So what about the floor?
is he wrong too?
So what about the floor?
is he wrong too?
If he heard the whole story then absolutely. But honestly there is almost no chance he did. Floors want everything to smoothly and no weirdness so they will always give the answer that best suits that to a question. So if you ask one of them if you can use thumbs up as your raise they will all so no because the last thing they want to do is start that trend. Buuuuut, if you tell one of them it happened, the dealer called it out, and seven people folded based on that info, well then yes Larry it is a raise. I was going nuts earliar but then I realized how it made sense. If Druff comes back and says that the dealer explained every detail of the hand to the floor I will go nuts again.
It's where the poker kitchen used to be.Quote:
Brittney Griner's Clit: Where the fuck is the Miranda room?
I am not usually a "rules asshole" at the table, and tend to let small things go, even if I can use the rule to angle a favorable position for myself.
This one was an exception, because it was Phil Hellmuth. Between his treatment of people at the table and his UB ownership/representation, I didn't mind rule angling him.
I also wasn't looking to screw the other 7 who folded in front of me. When it came to my BB decision, that's when it dawned on me that perhaps the "thumbs up" motion wasn't an official raise.
You want to hear rule angling?
On Day 6 of the 2010 Main Fucking Event, I accidentally folded my BB face up because I didn't see someone had called, and thought the hand was over. Nobody cared. Except Tristan Wade, who piped up, "Wait! That's a penalty! That needs to be a penalty."
I explained to Tristan that I just missed seeing the chips across the table calling the bet (the WSOP felts tend to be busy with ads), and honestly thought the hand was over. He held steady and said, "We need to go by the rules."
The floor issued me a 20-minute penalty -- shortstacked on Day 6 of the Main!
I was furious. Later, Tristan apologized when I called him out on Twitter and on Donkdown (I gave it to him at the table for this, too), but I don't know if the apology was sincere. He and I didn't know each other prior to this, so it wasn't about history.
Oddly, this EXACT scenario happened with Theo Tran minutes earlier across the room, and he also got a penalty.
the real money is the Parko thumbs up gif but this one at least gets our point across.
Druff we don't care about the 2010 Main Event.

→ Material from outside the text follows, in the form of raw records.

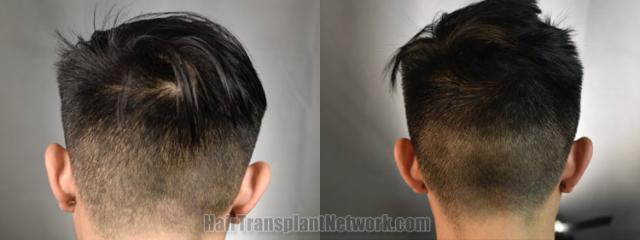 Back view before and after hair transplantation 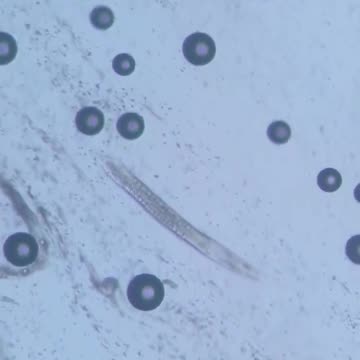 Pineapple Juice vs Parasites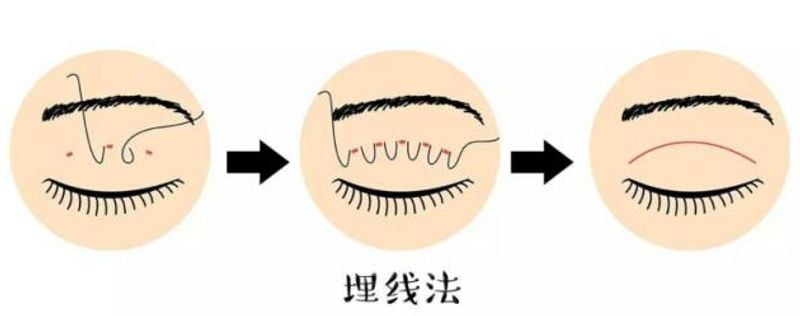 二、在张家界维纳斯做双眼皮，如何判断医生是否适合自己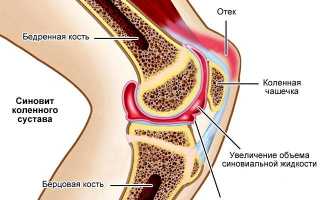 Синовит коленного сустава: причины развития, код по МКБ-10, симптомы и лечение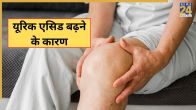 Uric Acid Causes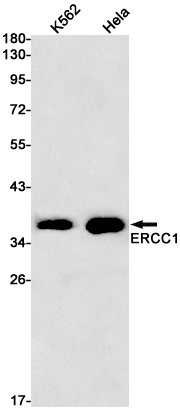 ERCC1 Rabbit mAb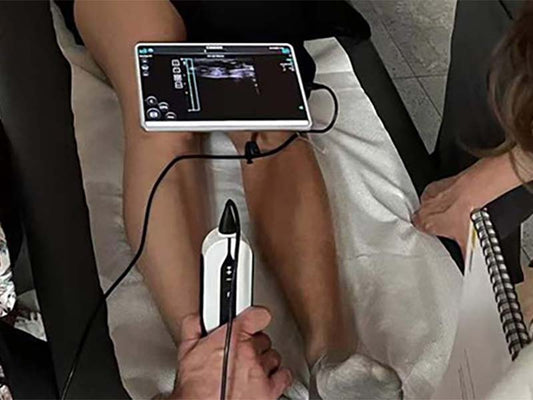 SonoEye Handheld Ultrasound in Plastic Surgery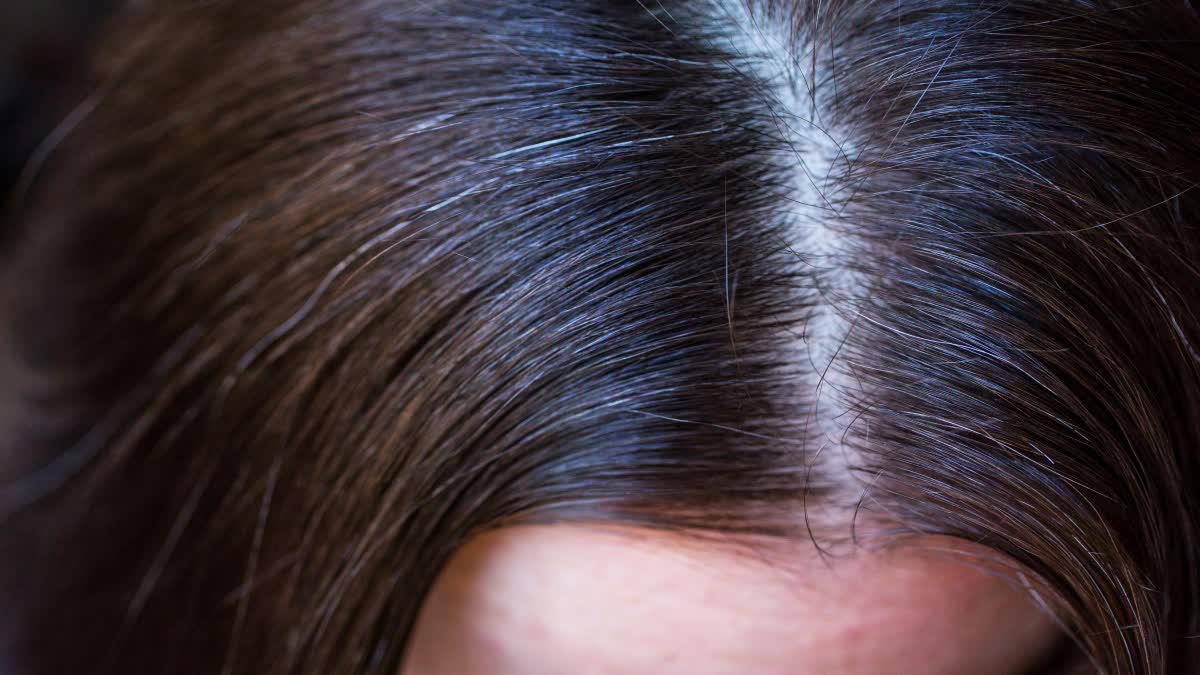 Hair Dandruff News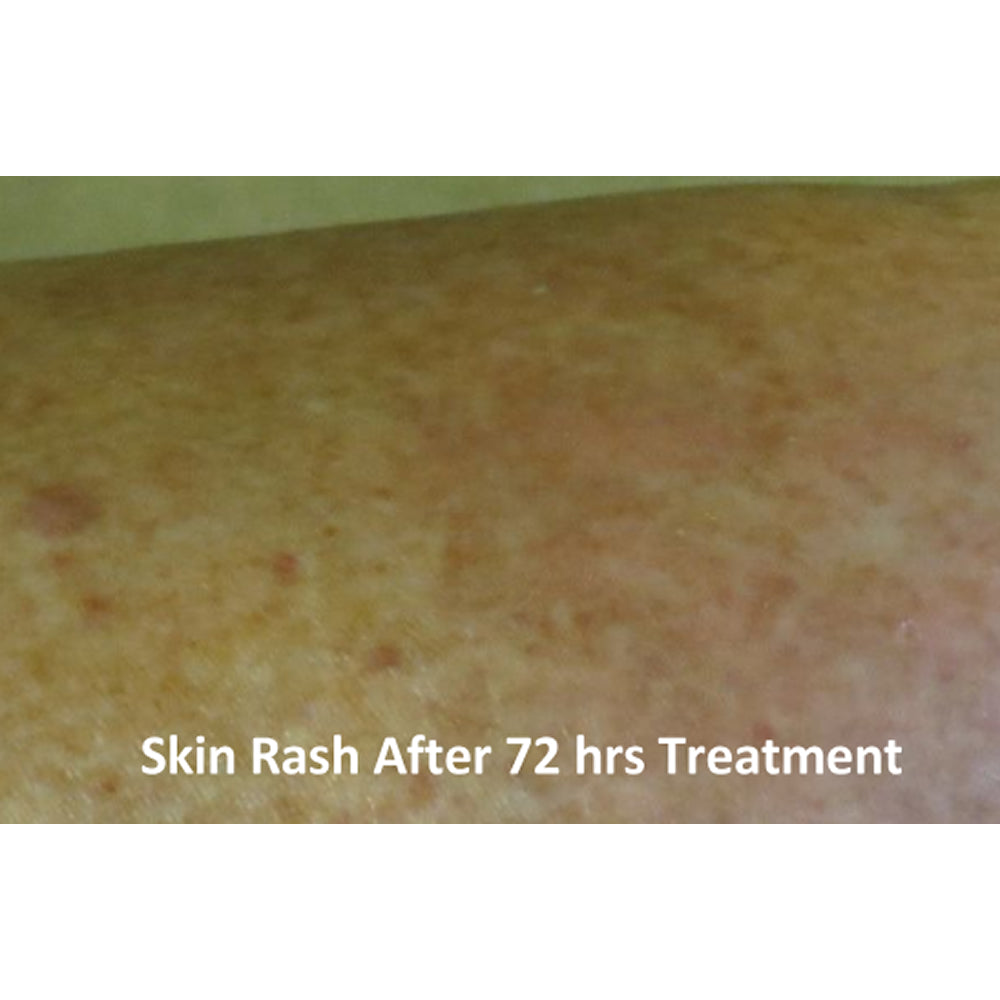 Eczema and Psoriasis Relief Cream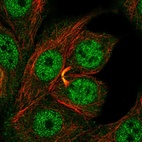 Immunofluorescent staining of human cell line MCF7 shows localization to nucleoplasm & cytokinetic bridge.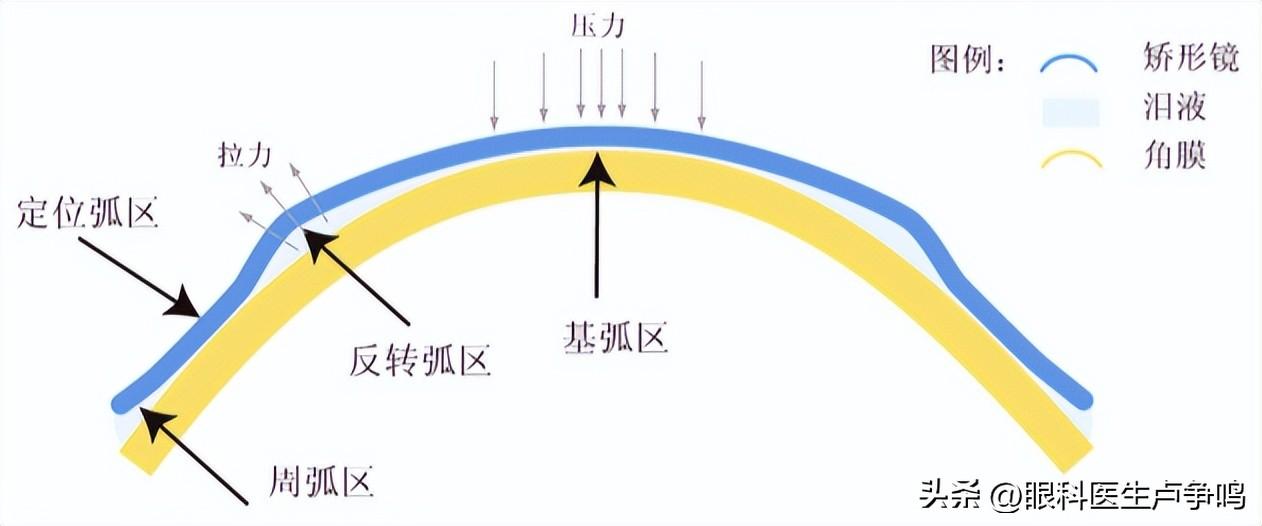 近视最新进展探索，未来视力保护的新篇章实证解答与定义揭秘_M版深度研究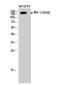 Phospho-IRS1 (Ser636) Rabbit pAb ABZ4423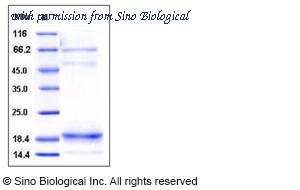 Sino Biological 11368-H07H image 1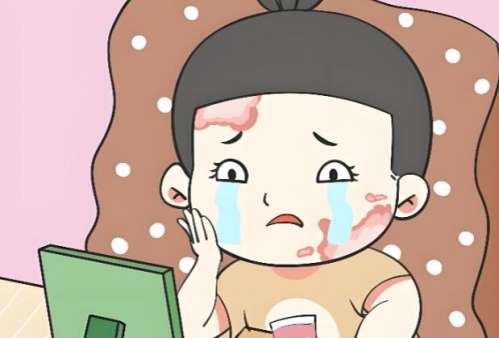 温州疤痕疙瘩修复医生排名top10(收费明细价目)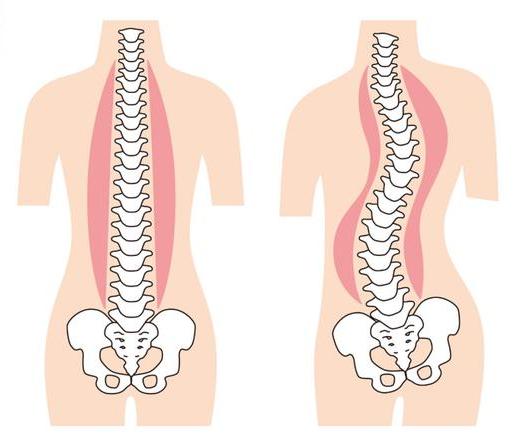 骨盆前倾,骨盆后倾)生理曲度的变化,属于脊柱的三维结构畸形,是儿童
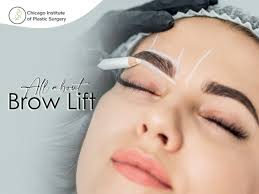 brow lift for a youthful appearance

We care about you winning the Limit Tourney you're on Day 2 of.
ok so im clear here....
PH never stole any money yeah?
also, re: the stuff he does at the tables....
I do recall him buying an entire table AN ice cream cup.
Humberto been doing that move since i was a toddler
https://www.youtube.com/watch?v=uysDWcrNz6Y
Instead of taking a river phone call can we get Brandon to call Phil again? Hopefully he's not at Best Buy with his son again and completely available for a random interview
o/u post 97 Tyde coming in and blowing this thing to smithereens
Is Druff at like a coast to the money stack or does he have to win a few hands today. Not like he would play extremely scared to bubble but you know what I mean. The reason I ask is that I feel poor Jsearles forum life depends on a cash here.
So is it a wsop rule that all raises have to be verbalized? If he would have thrown out two 500 chips instead of a single 1k chip would that have constituted a raise?
In most cash games I've played one chip is always a call unless raise is verbalized, but if you put out multiple chips in the amount of a legal raise, it's always a raise even if it's accidental.